Voice Gesture

Do you remember Mouse Gesture ?

I am currently working on its good friend : Voice Gesture.

Well, the name is not very explicit, but it's a voice recognition library based on the Flash Player 10.1 Microphone new feature.

I just want to show you a very early demonstration :

Voice Gesture from didier.brun on Vimeo.

As you can see, it works pretty fine ( > 95% accuracy ) but I have to admit that, for now, the algorithm require these 2 points :

  • The user is the trainer (I have recorded my own voice models into the library)
  • A silent place

I have some more work to optimize the algorithm and build an AIR application to record and organize the sound library.

So keep in touch, I will publish this library soon...

PS : Voice Gesture works in a simple web-based Flash Player 10.1 (I have recorded this demo using FireFox), it is not specific to AIR 2.0.

EDIT 11/02/01 : MAX SAMPLE FILES - AVAILABLE

Sorry, I have very little time to update/clean and publish a good version of VoiceGesture (and also few commercial constraints). However, I give you the MAX BOYL zip file containing :

  • My presentation PDF
  • All samples & exercices using the latest version of VoiceGesture & PitchDetection

The sources are undocumented, but if you have questions, post on this thread, I will have a look the best I can...
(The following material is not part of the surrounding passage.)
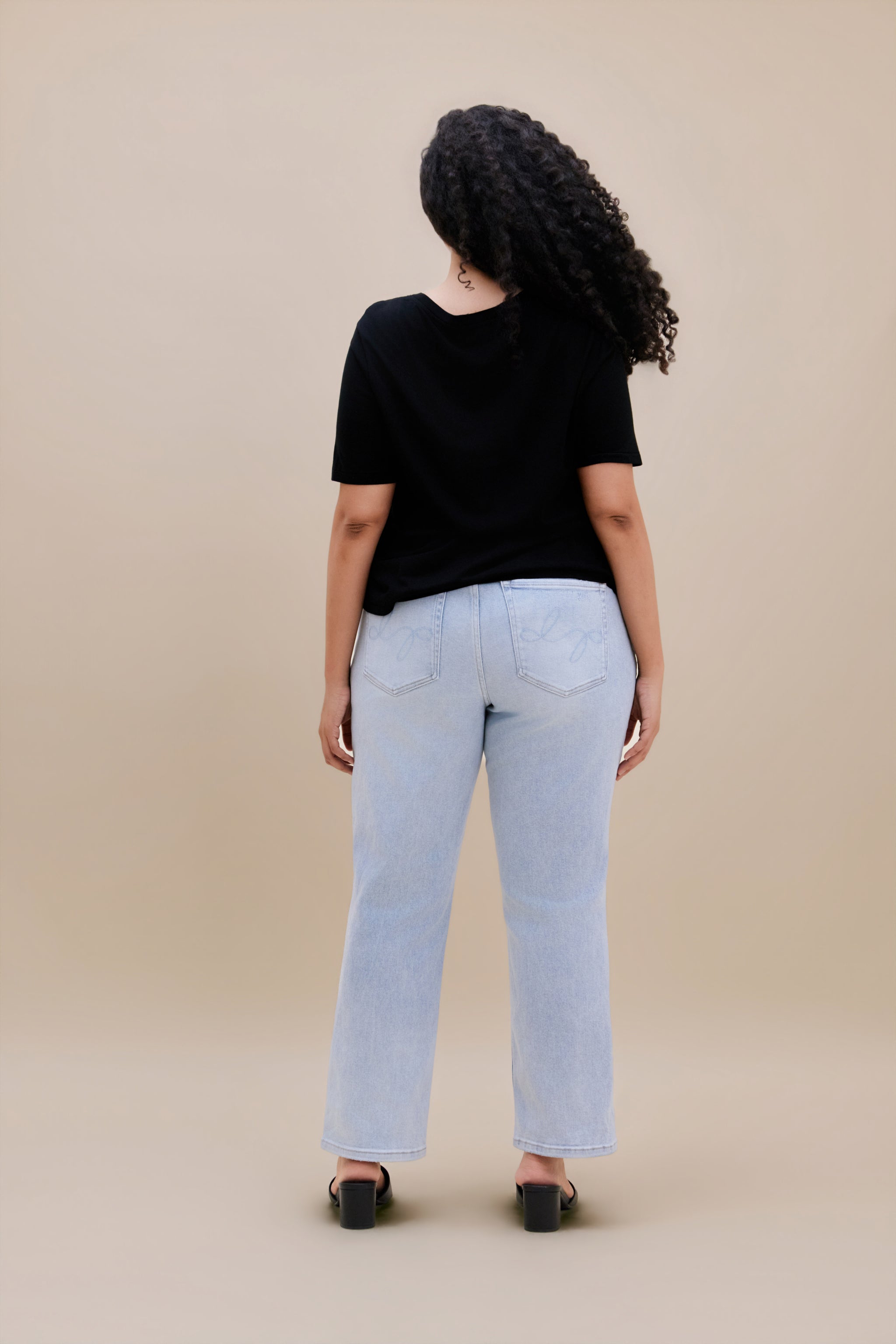 Woman wearing a black t-shirt and light blue jeans against a beige background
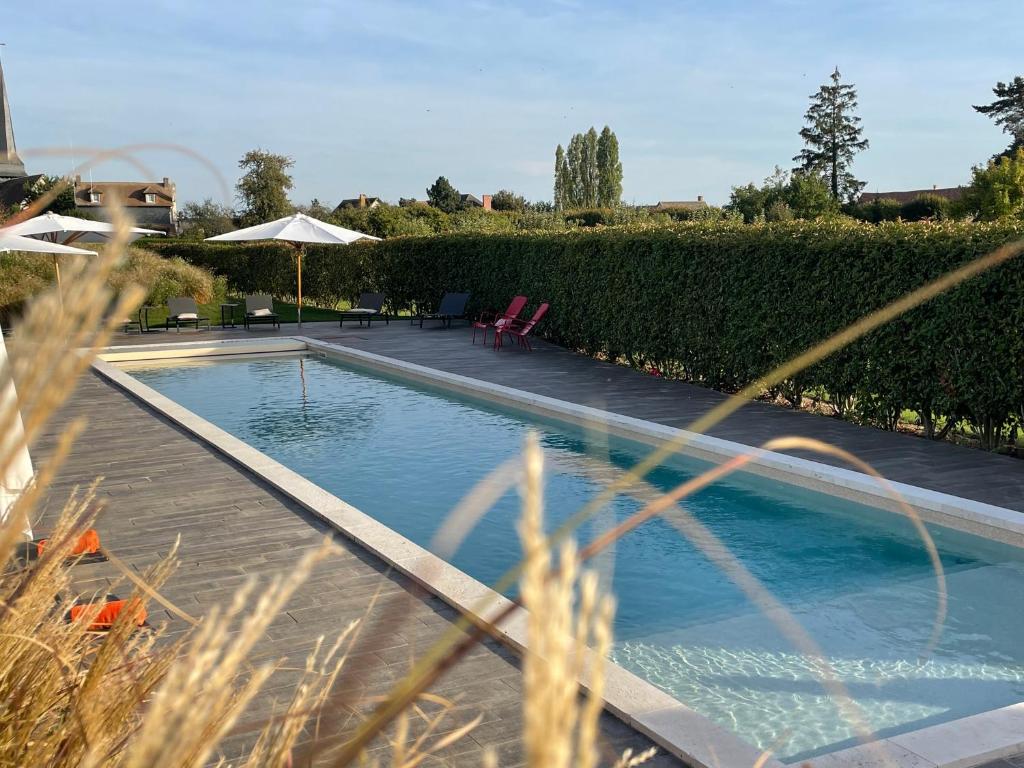 - une piscine au milieu d'une cour dans l'établissement Manoir de Surville, à Surville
The link : VOICE_GESTURE.zip

Comments (60)

  1. Very nice ! Well done mate.

    Wednesday, December 16, 2009 at 2:00 am #
  2. Tek wrote:

    Your teaser is impressive, I’m pretty sure we will see it used in a real life project soon. I hope that the algorithm could be improved in a near future to remove defaults you found in it currently.

    Wednesday, December 16, 2009 at 2:36 am #
  3. Interesting, apart from non-voice sounds (like the can of coke opening ) the training could be an issue for general usage.

    Great work!!

    Wednesday, December 16, 2009 at 5:02 am #
  4. Really cool work! – looking forward to seeing the published lib. There are some really cool possibilities this will bring.
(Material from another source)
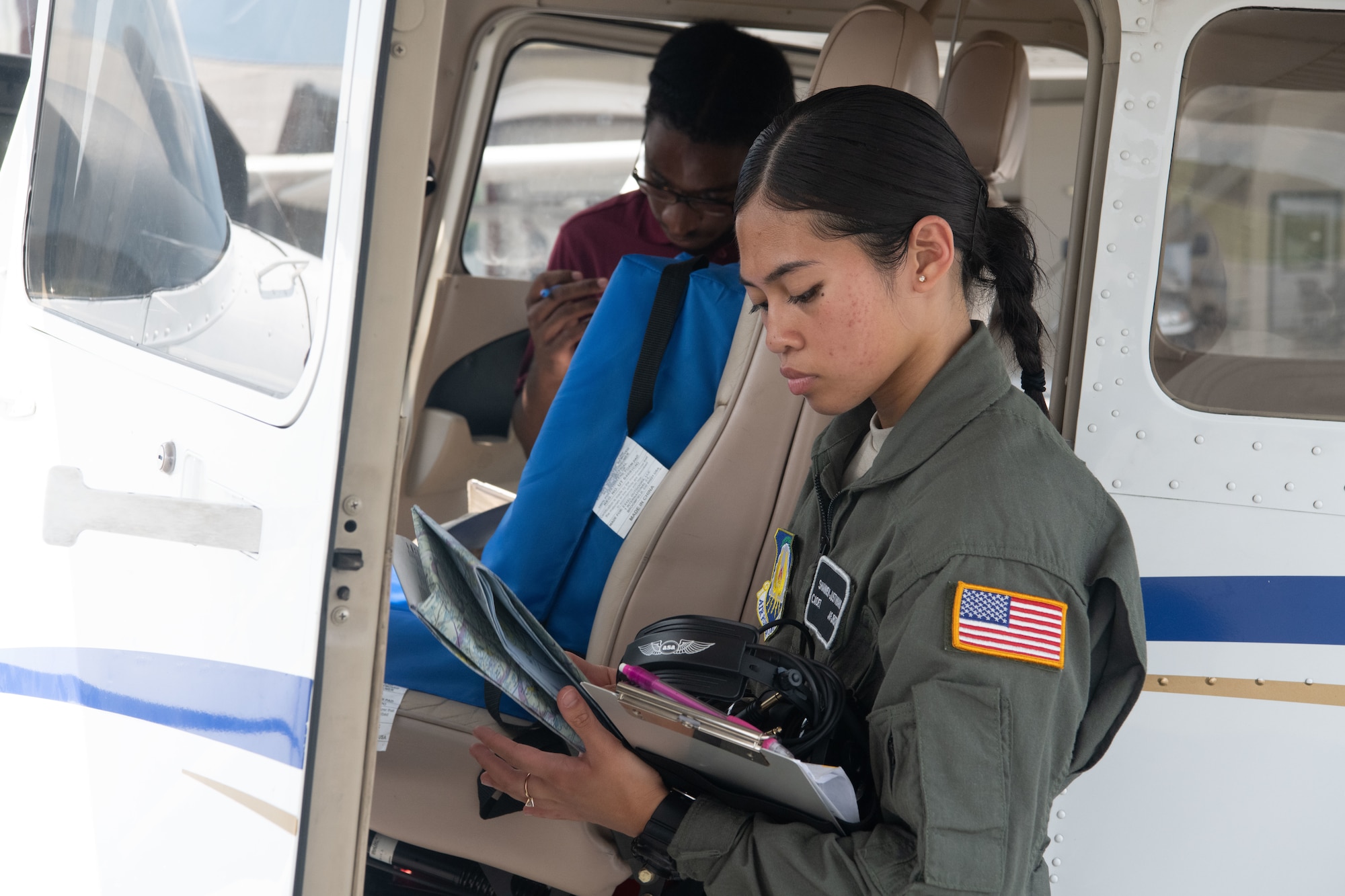 Air Force Cadet Shannen Justiniani, gathers her flight gear after a flight at Salisbury, Maryland, August 10, 2022. Justiniani wants to Commission in the Air Force and become a pilot.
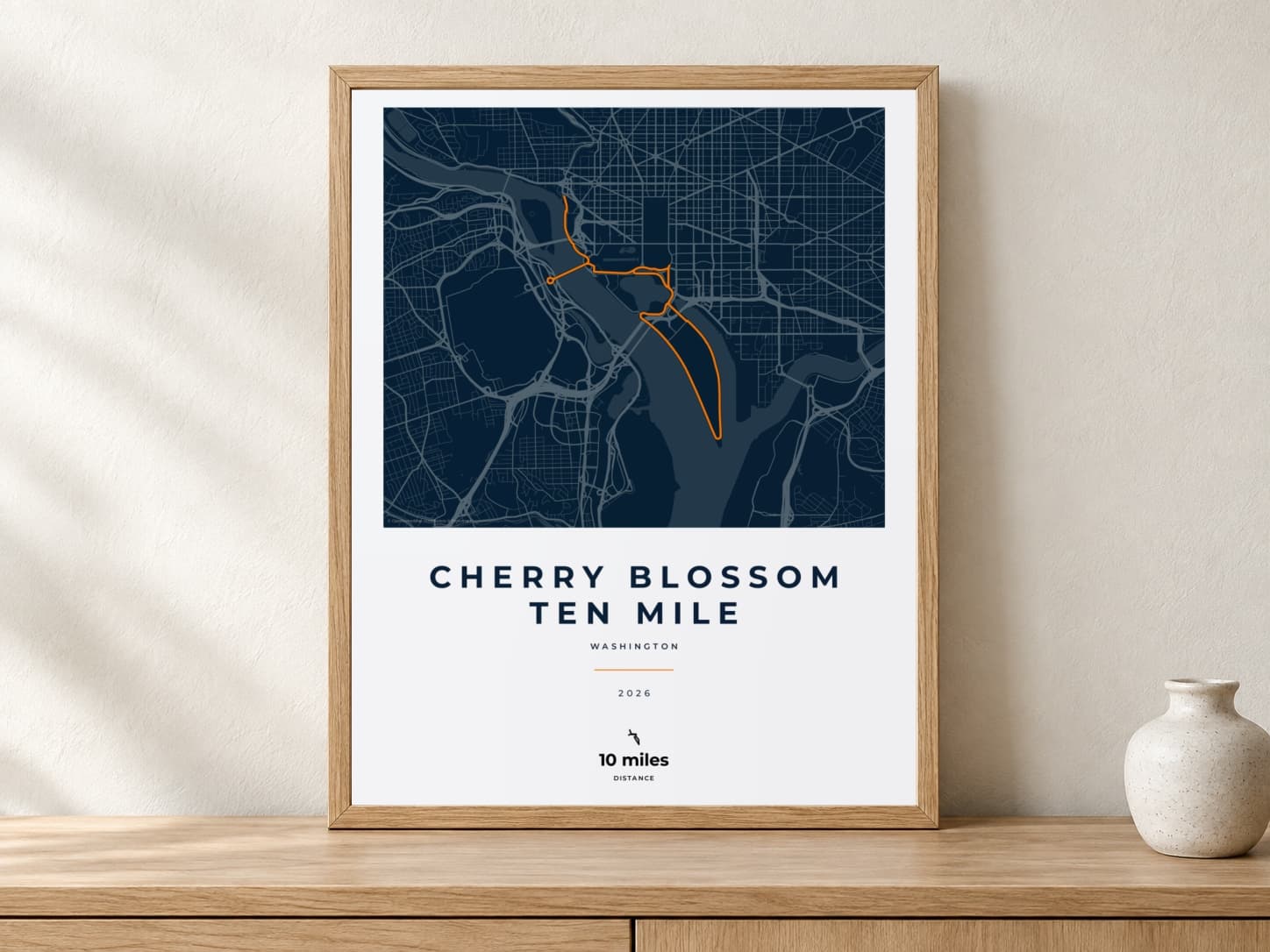 Cherry Blossom Ten Mile 2026 Race Blueprint route print in a light oak frame on a console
    Wednesday, December 16, 2009 at 5:59 am #
  5. Really good stuff !
    I’m waiting for the next step and could see this library.
    Regards
    JP

    Wednesday, December 16, 2009 at 10:06 am #
  6. Great work Didier, looking forward to seeing this evolve in 2010.

    Also kudos to SidLee for getting behind some R&D, I hope others take notice and follow their example.

    Wednesday, December 16, 2009 at 10:45 am #
  7. lionel wrote:

    Very nice demo! love the pschiiit end :)
    In the demo, you don’t speak a lot…Could that work during a conversation, for example, if I made a pause to launch the correct order ?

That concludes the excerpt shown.